• Exercise objective:
Look below for the line containing "MAISON - ST" and the line containing "تظاهرة لعالقين مصريين", then set down both and every line between them exactly, without pictures.

• Records provided:

________________

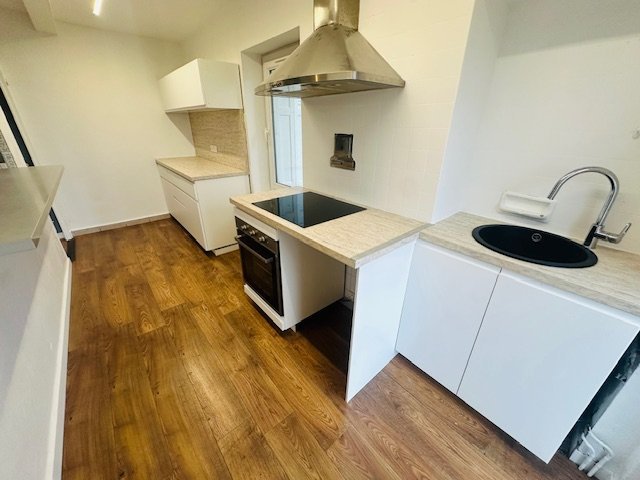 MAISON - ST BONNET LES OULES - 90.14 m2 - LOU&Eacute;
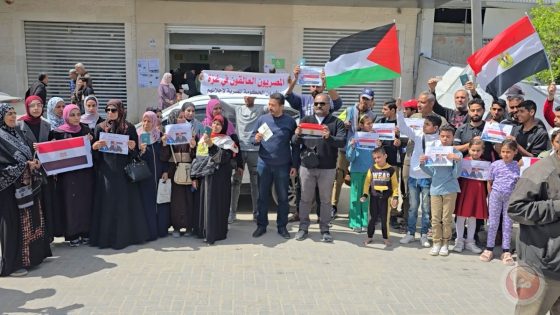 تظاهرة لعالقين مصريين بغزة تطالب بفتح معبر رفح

________________

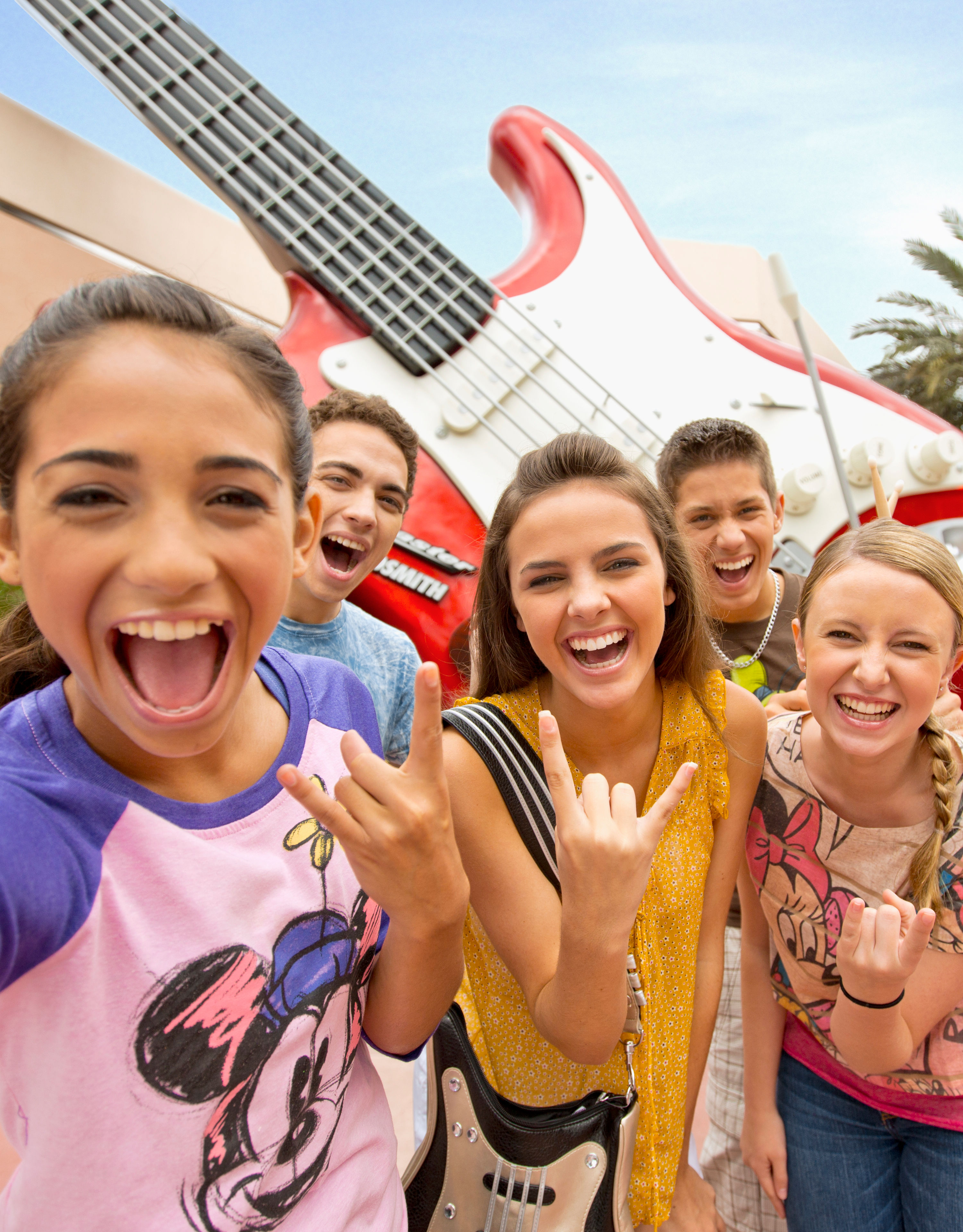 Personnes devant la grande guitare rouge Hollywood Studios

________________

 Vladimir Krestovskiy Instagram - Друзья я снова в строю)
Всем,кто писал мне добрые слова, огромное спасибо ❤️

________________

• Expected answer:
 MAISON - ST BONNET LES OULES - 90.14 m2 - LOU&Eacute;
 تظاهرة لعالقين مصريين بغزة تطالب بفتح معبر رفح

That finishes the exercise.